▸ **WORK REQUEST**:
Return the lines of the material below exactly, beginning with the line that has "rehin-เสื้อผู้" in it and finishing with the line that has "Dog trainer walking" in it. Leave all pictures aside.

▸ **PROVIDED RECORDS**:
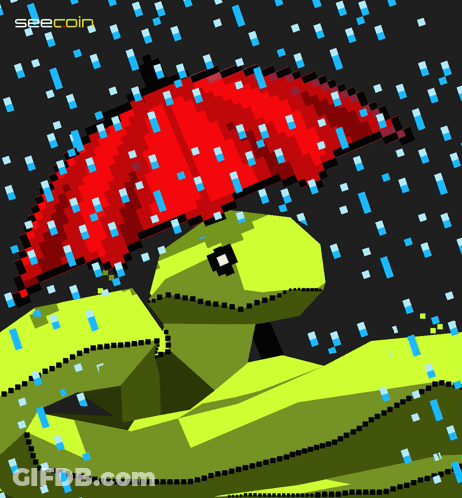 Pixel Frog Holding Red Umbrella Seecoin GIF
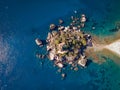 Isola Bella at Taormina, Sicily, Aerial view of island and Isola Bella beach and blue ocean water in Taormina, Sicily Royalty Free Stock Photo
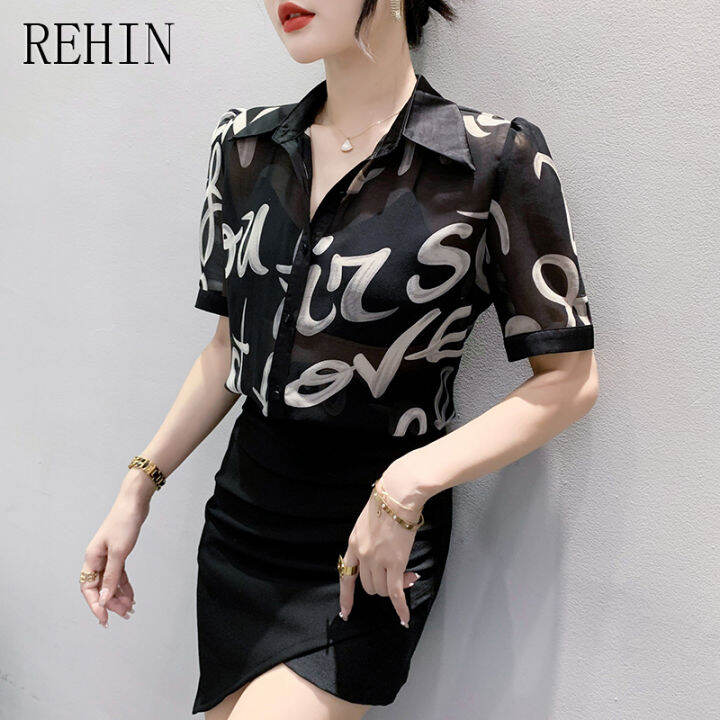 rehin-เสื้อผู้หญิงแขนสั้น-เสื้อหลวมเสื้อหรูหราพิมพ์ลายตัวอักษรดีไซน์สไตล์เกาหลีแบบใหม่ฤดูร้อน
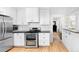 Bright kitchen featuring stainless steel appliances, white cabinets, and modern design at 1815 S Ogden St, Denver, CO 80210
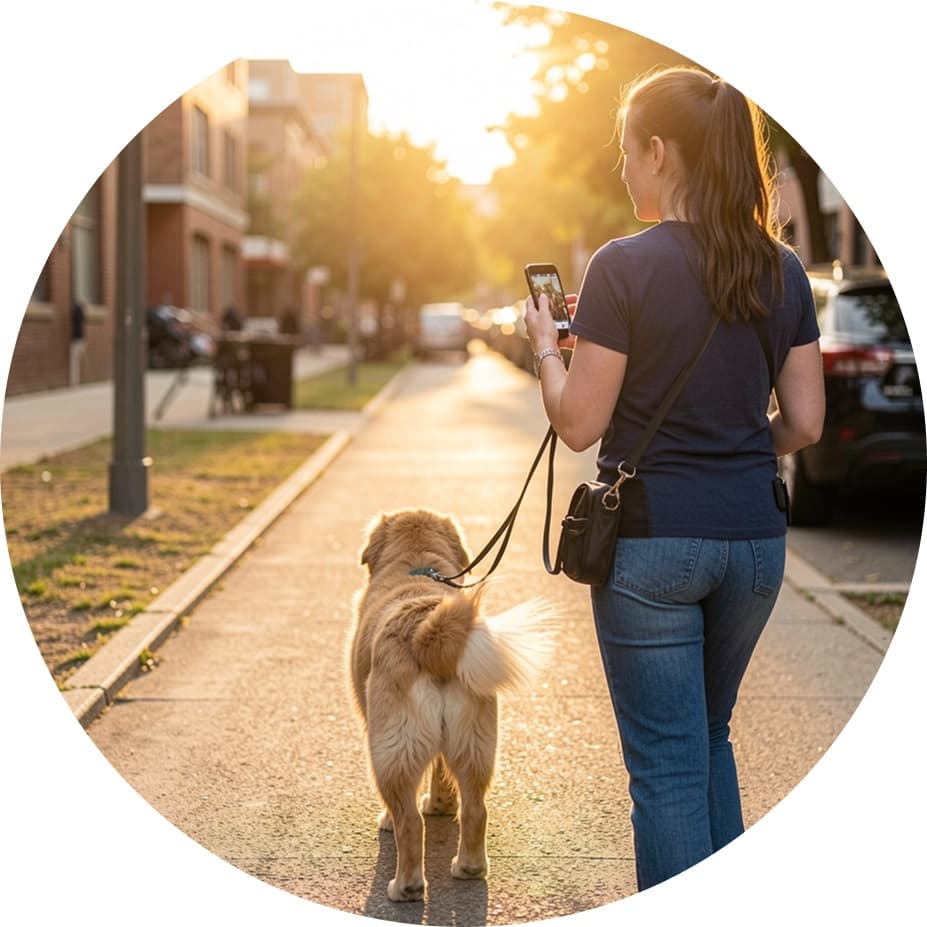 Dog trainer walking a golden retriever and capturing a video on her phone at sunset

==

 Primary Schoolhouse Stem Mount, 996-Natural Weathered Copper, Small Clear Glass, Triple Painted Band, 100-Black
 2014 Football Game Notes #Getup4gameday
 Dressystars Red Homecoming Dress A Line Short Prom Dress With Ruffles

▸ **ANSWER SPACE**:
 rehin-เสื้อผู้หญิงแขนสั้น-เสื้อหลวมเสื้อหรูหราพิมพ์ลายตัวอักษรดีไซน์สไตล์เกาหลีแบบใหม่ฤดูร้อน
 Bright kitchen featuring stainless steel appliances, white cabinets, and modern design at 1815 S Ogden St, Denver, CO 80210
 Dog trainer walking a golden retriever and capturing a video on her phone at sunset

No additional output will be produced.